▶ _The task_: Repeat exactly the lines of the records below, starting at the line containing "ANYBODY'S GUESS: THE" and ending at the line containing "GALERIE VIE(ギャルリー ヴィー)の「ファインコットン". Leave the pictures out.

▶ _Recorded information_:
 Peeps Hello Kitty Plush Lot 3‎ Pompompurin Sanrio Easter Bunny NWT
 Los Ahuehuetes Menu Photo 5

...

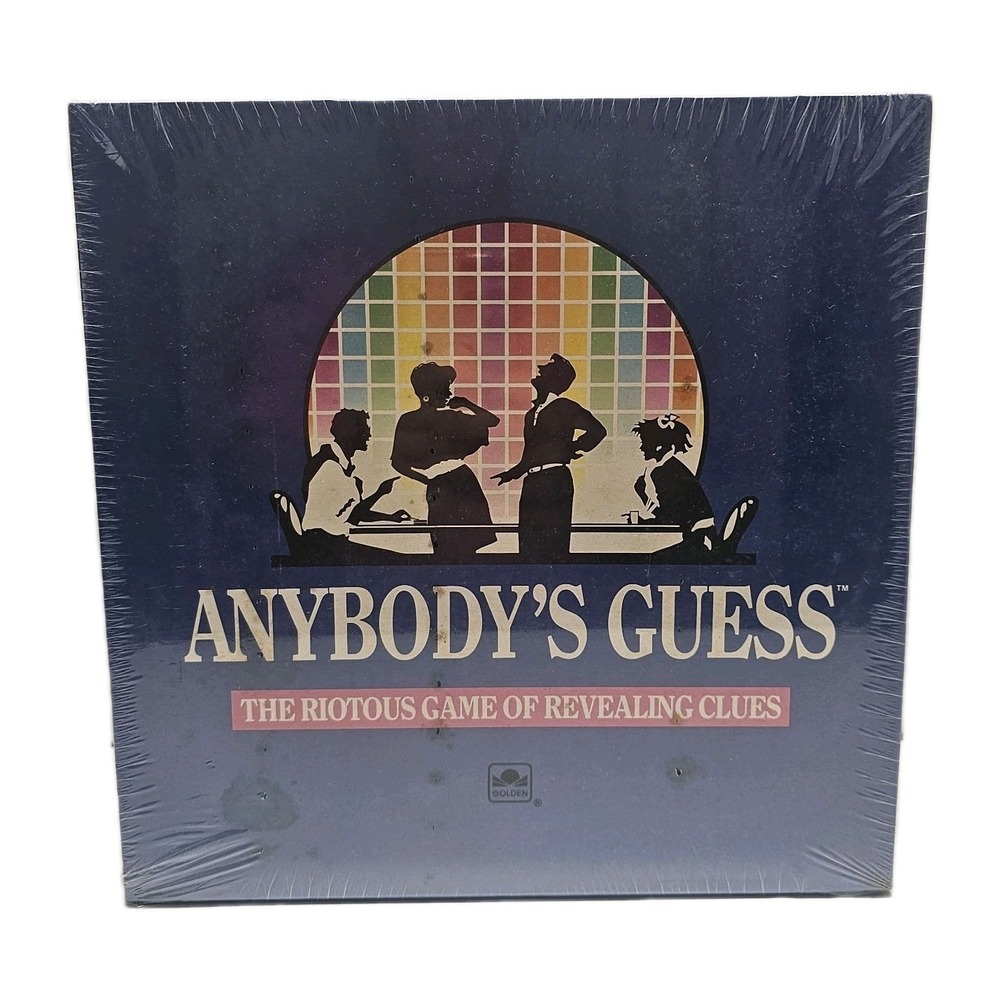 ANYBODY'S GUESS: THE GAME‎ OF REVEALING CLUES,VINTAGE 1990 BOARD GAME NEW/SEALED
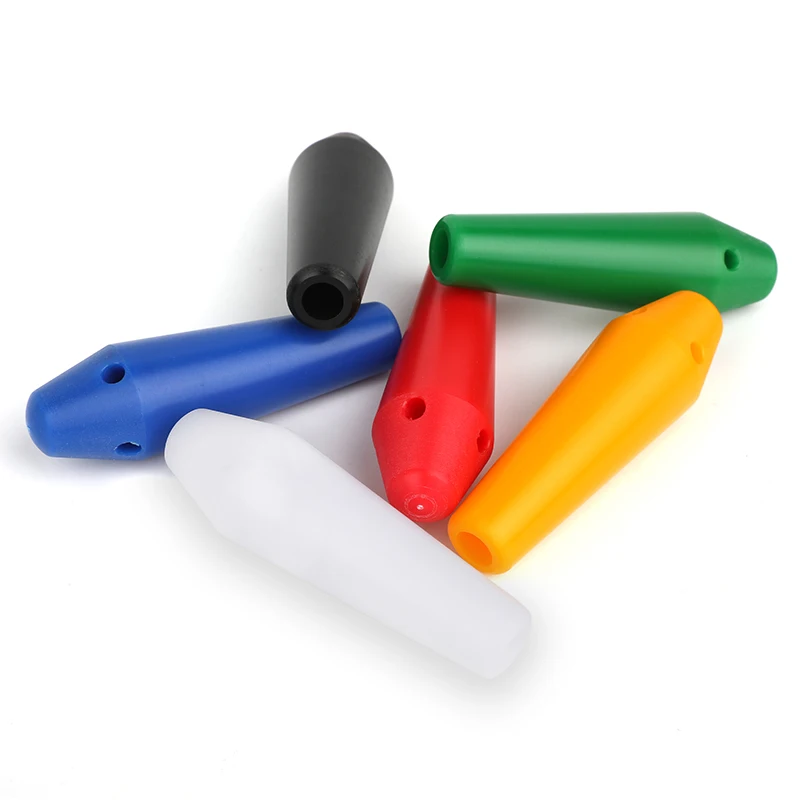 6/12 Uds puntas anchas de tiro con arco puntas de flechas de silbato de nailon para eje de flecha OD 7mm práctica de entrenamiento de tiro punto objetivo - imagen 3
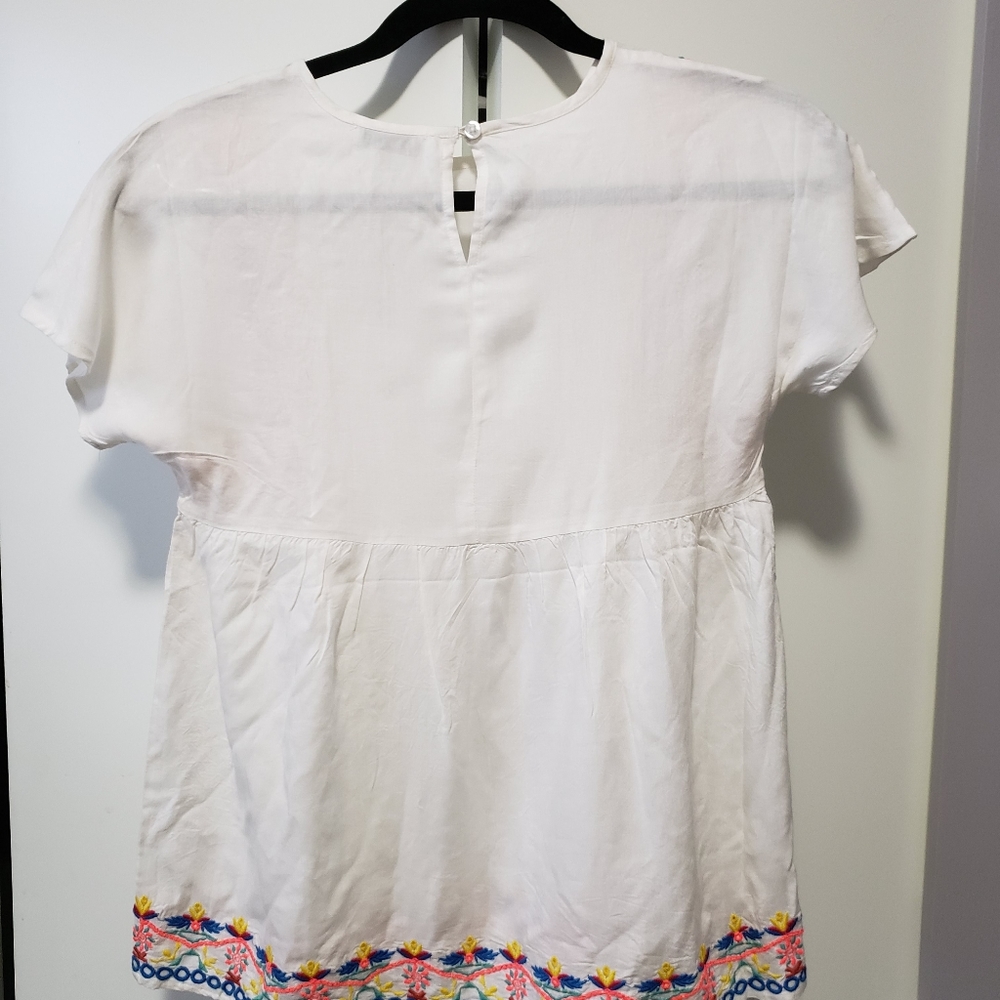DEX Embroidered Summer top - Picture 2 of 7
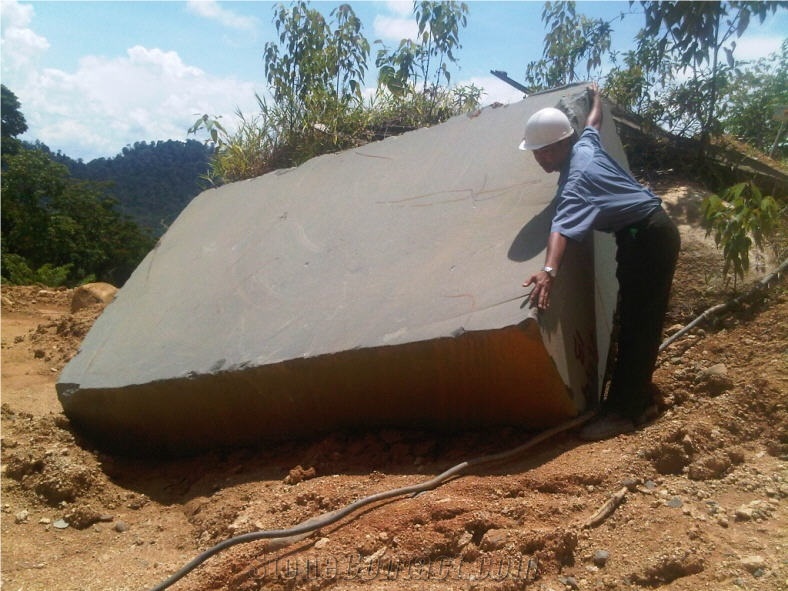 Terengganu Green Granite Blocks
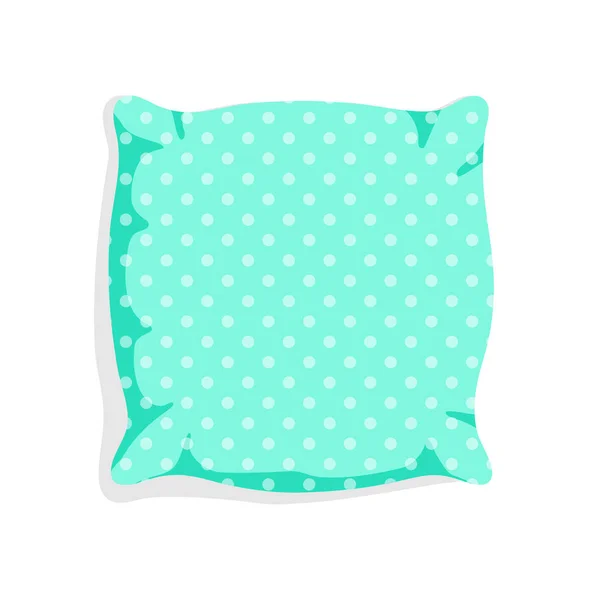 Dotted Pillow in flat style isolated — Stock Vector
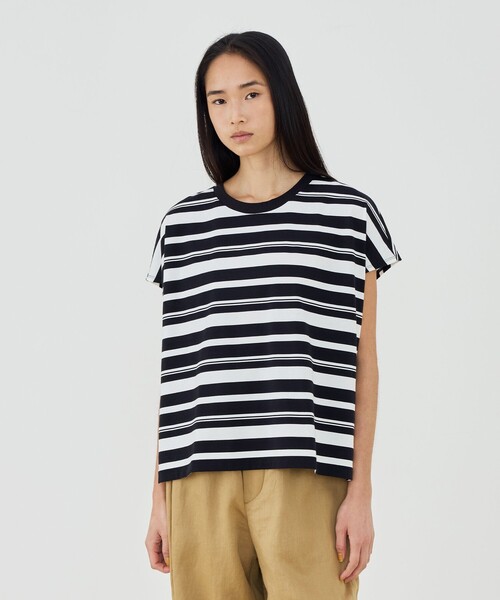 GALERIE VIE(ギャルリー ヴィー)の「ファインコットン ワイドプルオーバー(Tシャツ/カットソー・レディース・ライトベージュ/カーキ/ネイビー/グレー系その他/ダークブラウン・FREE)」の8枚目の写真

▶ _Written solution_:
 ANYBODY'S GUESS: THE GAME‎ OF REVEALING CLUES,VINTAGE 1990 BOARD GAME NEW/SEALED
 6/12 Uds puntas anchas de tiro con arco puntas de flechas de silbato de nailon para eje de flecha OD 7mm práctica de entrenamiento de tiro punto objetivo - imagen 3
DEX Embroidered Summer top - Picture 2 of 7
 Terengganu Green Granite Blocks
 Dotted Pillow in flat style isolated — Stock Vector
 GALERIE VIE(ギャルリー ヴィー)の「ファインコットン ワイドプルオーバー(Tシャツ/カットソー・レディース・ライトベージュ/カーキ/ネイビー/グレー系その他/ダークブラウン・FREE)」の8枚目の写真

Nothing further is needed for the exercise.